__What to work on__
First find the line with "Як-141 (в сиво)" in the entries below, then set down exactly every line through the line with "Moissanite kivilõõts Cléa kaelakee", that line included.
--- Dataset records ---
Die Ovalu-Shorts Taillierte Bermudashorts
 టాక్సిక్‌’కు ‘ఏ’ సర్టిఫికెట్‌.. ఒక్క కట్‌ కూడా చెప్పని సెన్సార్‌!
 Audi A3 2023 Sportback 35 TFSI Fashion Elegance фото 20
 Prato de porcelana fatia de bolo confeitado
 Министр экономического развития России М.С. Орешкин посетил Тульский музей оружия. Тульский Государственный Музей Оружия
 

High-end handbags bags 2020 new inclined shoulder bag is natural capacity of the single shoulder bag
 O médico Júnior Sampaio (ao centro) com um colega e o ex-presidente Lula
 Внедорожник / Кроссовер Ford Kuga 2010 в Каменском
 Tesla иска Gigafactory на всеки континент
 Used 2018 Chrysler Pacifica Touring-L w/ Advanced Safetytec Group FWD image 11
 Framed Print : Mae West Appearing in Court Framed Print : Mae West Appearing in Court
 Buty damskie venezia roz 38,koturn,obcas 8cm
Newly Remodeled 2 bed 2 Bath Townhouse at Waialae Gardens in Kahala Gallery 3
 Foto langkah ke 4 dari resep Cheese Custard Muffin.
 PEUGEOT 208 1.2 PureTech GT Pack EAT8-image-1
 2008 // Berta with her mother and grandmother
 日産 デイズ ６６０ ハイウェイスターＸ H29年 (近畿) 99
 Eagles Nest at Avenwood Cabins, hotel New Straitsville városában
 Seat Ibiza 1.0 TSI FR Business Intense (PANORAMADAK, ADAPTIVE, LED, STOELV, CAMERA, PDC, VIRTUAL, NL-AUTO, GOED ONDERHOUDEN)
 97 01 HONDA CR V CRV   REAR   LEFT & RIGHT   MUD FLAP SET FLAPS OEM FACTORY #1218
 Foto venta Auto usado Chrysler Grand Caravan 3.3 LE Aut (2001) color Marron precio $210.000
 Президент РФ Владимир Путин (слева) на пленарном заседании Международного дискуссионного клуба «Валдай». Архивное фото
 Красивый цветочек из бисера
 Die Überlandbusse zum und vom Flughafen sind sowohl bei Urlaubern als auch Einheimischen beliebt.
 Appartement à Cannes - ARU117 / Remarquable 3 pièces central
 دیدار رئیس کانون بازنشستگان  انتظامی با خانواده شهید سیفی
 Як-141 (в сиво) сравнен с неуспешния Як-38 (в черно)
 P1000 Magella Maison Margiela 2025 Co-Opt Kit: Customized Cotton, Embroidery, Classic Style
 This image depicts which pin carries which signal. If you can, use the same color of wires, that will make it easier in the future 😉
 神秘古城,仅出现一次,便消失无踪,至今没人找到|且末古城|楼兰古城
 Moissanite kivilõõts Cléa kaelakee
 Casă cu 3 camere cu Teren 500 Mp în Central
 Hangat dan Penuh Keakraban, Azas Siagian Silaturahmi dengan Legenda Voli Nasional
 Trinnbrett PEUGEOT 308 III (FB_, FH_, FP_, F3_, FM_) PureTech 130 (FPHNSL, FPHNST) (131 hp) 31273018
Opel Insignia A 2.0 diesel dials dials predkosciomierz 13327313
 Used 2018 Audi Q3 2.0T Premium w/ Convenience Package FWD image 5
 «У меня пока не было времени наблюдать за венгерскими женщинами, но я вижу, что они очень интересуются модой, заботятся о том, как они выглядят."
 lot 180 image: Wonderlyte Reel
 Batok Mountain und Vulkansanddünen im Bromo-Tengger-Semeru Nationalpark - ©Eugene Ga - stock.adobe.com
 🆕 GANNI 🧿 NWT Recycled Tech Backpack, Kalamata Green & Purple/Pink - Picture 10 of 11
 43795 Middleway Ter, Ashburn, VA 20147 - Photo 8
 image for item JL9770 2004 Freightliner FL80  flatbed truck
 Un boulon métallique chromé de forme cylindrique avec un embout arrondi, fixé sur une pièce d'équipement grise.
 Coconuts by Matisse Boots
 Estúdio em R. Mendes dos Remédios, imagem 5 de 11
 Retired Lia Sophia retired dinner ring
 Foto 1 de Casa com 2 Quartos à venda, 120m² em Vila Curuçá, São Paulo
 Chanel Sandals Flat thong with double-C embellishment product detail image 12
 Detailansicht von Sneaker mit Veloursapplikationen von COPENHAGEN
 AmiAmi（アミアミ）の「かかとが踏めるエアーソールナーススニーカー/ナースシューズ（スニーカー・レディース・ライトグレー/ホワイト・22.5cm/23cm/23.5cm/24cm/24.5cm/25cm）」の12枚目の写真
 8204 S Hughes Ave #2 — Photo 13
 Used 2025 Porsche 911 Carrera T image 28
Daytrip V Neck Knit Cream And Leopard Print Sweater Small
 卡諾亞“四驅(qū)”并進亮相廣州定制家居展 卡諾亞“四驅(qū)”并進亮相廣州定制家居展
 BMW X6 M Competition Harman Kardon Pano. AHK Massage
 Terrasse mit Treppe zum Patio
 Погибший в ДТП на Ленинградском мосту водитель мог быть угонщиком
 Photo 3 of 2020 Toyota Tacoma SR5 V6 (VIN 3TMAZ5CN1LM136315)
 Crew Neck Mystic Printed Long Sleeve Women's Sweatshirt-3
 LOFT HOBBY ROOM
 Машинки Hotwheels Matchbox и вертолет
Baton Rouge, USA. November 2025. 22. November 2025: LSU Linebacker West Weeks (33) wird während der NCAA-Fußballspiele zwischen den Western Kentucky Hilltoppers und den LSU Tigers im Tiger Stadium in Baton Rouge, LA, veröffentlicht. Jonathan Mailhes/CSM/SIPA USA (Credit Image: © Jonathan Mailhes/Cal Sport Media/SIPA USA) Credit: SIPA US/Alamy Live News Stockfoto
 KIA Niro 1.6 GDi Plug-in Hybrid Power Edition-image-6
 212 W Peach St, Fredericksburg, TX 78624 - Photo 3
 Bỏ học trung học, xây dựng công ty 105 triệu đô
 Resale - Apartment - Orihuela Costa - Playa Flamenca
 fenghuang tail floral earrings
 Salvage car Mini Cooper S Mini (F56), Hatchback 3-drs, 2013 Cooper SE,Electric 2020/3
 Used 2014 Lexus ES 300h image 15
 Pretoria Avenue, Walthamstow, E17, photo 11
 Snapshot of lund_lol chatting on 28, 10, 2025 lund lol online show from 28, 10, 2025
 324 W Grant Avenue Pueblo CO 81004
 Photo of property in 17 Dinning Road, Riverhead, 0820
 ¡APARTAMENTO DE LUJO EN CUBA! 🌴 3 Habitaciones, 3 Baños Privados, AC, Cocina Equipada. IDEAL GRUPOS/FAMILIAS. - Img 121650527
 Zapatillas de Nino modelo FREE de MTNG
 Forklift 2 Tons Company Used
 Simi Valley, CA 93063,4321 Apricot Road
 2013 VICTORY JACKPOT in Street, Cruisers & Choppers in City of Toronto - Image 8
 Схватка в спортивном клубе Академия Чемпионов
---
__Solution to this task__
 Як-141 (в сиво) сравнен с неуспешния Як-38 (в черно)
 P1000 Magella Maison Margiela 2025 Co-Opt Kit: Customized Cotton, Embroidery, Classic Style
 This image depicts which pin carries which signal. If you can, use the same color of wires, that will make it easier in the future 😉
 神秘古城,仅出现一次,便消失无踪,至今没人找到|且末古城|楼兰古城
 Moissanite kivilõõts Cléa kaelakee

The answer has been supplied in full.